How to stretch the 15 minutes: what the Occupy movement can learn from the Kardashians.

A sex tape or public display of urban camping can act as a spark that ignites interest, but you need a stable media platform to fan the flames. The Kardashians emerged from the milieu of social media, blogs, and tabloids with a reality TV show. They increased their exposure without ever bowing to the idea of selecting a single-talent focus. They feed the beast by providing more targets.

The lack of singular talent makes for a great spectacle but they can't progress into new single-discipline platforms without exposing other deficiencies. They are talent rich in intangibles but that is not a liquid asset that can be applied to reach specific agendas other than simple attention. Their fame demise is inevitable but they will leave a mark, and generate a ridiculous amount of revenue, in the meantime.
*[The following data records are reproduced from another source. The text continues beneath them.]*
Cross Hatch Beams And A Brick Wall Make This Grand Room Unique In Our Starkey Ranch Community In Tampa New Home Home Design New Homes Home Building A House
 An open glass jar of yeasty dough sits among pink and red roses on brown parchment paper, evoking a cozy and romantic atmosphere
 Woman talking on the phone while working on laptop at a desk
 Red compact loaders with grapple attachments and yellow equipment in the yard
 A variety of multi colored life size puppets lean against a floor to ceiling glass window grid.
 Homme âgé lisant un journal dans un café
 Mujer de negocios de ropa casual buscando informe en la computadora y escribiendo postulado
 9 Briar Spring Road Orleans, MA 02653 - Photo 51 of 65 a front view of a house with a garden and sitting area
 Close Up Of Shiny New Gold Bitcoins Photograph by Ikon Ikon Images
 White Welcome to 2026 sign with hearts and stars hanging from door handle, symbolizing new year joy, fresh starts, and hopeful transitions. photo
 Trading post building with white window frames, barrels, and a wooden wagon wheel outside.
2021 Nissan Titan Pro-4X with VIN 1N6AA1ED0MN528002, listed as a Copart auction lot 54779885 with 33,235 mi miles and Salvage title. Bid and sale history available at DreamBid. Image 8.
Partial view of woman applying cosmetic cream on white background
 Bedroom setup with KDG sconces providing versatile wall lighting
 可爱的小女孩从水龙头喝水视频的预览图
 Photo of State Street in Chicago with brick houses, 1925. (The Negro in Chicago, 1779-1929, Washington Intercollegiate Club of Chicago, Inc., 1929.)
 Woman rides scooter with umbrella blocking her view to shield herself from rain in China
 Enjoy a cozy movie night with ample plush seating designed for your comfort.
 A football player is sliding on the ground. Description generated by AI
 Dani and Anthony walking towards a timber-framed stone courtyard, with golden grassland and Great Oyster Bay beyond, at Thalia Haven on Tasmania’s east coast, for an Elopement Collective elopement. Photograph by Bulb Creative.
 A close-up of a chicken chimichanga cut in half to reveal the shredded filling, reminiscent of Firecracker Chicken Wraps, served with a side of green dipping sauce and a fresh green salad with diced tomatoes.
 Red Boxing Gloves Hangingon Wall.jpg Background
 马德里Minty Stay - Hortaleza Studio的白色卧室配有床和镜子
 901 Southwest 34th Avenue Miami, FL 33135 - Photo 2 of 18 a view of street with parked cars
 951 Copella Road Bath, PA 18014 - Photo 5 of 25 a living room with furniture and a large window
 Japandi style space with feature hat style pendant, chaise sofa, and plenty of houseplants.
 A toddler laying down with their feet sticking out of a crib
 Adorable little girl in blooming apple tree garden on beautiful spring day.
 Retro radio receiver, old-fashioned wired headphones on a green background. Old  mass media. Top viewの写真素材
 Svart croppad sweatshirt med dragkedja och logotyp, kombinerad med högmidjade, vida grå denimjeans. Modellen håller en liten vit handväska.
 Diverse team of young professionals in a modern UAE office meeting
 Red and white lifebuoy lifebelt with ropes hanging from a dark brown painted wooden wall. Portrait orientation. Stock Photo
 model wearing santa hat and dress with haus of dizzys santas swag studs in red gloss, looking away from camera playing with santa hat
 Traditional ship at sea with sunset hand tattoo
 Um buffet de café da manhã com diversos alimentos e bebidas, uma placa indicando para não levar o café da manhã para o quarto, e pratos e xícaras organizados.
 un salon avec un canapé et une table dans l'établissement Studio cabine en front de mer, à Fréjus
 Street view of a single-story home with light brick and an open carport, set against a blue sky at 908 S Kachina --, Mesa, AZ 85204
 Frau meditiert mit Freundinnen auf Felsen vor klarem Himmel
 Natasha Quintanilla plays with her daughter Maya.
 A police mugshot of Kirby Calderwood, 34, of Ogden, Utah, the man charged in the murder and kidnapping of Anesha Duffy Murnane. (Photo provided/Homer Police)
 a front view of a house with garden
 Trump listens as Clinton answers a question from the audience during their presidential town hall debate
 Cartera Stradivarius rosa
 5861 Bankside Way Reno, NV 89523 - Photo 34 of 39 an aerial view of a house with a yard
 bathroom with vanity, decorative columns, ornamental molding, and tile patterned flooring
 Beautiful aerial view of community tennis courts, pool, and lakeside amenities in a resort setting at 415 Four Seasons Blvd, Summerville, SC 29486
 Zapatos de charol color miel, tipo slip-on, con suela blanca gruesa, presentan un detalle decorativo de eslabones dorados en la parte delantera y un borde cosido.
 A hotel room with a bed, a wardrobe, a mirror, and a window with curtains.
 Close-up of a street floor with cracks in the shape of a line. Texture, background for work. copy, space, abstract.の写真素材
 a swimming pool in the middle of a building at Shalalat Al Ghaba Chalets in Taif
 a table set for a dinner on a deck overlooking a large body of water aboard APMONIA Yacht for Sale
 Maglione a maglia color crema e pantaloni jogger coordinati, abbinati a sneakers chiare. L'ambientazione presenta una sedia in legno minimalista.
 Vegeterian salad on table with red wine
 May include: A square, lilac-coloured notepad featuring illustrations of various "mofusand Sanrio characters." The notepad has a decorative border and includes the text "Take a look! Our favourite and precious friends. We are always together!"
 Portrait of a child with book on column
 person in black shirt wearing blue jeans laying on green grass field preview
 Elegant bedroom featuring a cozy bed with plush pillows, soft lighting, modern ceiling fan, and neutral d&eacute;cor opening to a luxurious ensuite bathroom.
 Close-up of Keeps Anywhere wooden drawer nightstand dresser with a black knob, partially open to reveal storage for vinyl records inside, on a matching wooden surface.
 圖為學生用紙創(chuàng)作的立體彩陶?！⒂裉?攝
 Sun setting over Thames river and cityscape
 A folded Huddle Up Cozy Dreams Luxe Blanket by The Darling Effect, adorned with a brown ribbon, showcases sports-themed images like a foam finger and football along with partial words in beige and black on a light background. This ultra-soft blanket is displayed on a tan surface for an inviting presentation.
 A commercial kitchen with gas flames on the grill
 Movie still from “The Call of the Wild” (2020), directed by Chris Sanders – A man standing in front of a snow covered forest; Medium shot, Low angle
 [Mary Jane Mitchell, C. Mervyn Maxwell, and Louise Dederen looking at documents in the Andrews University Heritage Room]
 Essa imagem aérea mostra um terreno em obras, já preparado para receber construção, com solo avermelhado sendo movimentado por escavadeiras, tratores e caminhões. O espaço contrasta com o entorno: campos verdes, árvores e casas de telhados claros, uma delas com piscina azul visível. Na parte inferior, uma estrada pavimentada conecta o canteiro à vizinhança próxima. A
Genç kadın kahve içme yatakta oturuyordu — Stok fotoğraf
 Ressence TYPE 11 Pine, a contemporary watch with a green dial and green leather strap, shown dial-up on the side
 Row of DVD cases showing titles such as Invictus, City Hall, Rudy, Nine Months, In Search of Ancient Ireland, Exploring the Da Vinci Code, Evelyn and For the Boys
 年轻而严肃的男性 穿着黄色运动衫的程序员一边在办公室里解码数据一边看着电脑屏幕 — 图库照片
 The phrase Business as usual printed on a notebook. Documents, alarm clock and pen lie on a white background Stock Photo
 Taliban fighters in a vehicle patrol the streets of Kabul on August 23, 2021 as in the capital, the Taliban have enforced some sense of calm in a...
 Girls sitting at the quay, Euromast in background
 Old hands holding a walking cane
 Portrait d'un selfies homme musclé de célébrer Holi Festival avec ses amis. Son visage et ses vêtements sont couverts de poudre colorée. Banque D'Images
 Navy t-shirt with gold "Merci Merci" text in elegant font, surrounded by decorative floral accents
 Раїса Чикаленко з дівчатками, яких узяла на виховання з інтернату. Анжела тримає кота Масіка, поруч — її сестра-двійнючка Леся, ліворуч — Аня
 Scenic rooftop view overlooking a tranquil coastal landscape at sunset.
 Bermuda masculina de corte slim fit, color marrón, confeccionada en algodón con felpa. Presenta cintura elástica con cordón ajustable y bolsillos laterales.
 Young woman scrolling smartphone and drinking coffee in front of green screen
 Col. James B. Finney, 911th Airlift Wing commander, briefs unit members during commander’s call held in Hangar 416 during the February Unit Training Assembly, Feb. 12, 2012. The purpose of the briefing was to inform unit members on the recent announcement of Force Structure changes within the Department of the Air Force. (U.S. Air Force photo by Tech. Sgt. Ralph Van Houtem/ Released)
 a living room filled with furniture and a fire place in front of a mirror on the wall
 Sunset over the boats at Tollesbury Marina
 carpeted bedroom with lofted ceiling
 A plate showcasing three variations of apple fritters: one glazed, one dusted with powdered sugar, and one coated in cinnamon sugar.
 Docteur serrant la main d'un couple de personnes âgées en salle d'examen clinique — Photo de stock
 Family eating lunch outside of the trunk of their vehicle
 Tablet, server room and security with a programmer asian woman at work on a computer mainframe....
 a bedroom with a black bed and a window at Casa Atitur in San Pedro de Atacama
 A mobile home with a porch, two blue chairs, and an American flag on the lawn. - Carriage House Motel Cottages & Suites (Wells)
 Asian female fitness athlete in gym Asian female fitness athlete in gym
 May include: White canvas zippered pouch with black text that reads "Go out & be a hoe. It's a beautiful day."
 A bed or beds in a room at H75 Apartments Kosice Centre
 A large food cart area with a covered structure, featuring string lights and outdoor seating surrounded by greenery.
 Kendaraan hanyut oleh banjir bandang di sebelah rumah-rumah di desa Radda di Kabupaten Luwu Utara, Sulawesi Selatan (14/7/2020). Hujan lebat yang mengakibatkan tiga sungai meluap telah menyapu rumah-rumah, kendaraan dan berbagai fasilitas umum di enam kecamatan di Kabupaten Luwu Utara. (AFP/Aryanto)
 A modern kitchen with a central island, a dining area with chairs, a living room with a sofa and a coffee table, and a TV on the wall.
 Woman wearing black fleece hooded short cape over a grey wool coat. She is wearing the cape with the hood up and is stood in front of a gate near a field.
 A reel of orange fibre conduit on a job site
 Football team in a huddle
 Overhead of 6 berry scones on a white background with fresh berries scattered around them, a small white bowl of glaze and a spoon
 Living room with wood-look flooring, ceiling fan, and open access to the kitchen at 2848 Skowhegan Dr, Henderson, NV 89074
The Occupy movement doesn't have a single, discernable message but rather a multitude of messages that coalesce into a movement of dissatisfaction. Like the Kardashians, they face a difficult challenge in leveraging their current attention, which is based on chaos and physical visibility, into a sustainable pattern of interest creation. An occupation of physical space was an effective way to begin an occupation of culture consciousness but supporting strategies are needed to perpetuate and elevate the position. Exerting energy and resources to resist displacement from the authorities creates interest generating conflict which can be leveraged. A continued focus on physical occupation would be a mistake. Kim Kardashian didn't maintain her status as a sex symbol by simply making more sex tapes. She elevated her position through sustained levels of appearances in a diversified set of media platforms and celebrity alliances.

A massive coalition of chaotic discontent will generate more interest than an organized, compromised message. I suggest that organizing flash mob-type performances, weekend campouts at country clubs, spontaneous dance parties at political events, and general PETA-style PR tactics as episodic attention grabbers would be more effective than reducing the chaos into a watered down message. As long as they stay within the public consciousness, they will be more influential by making politicians guess what they want, then by telling them.

For those still irked by the existence of these cultural scourges just remember, you can't stop the unfairness of popular culture or media attention but you can hope to contain it by ignoring them.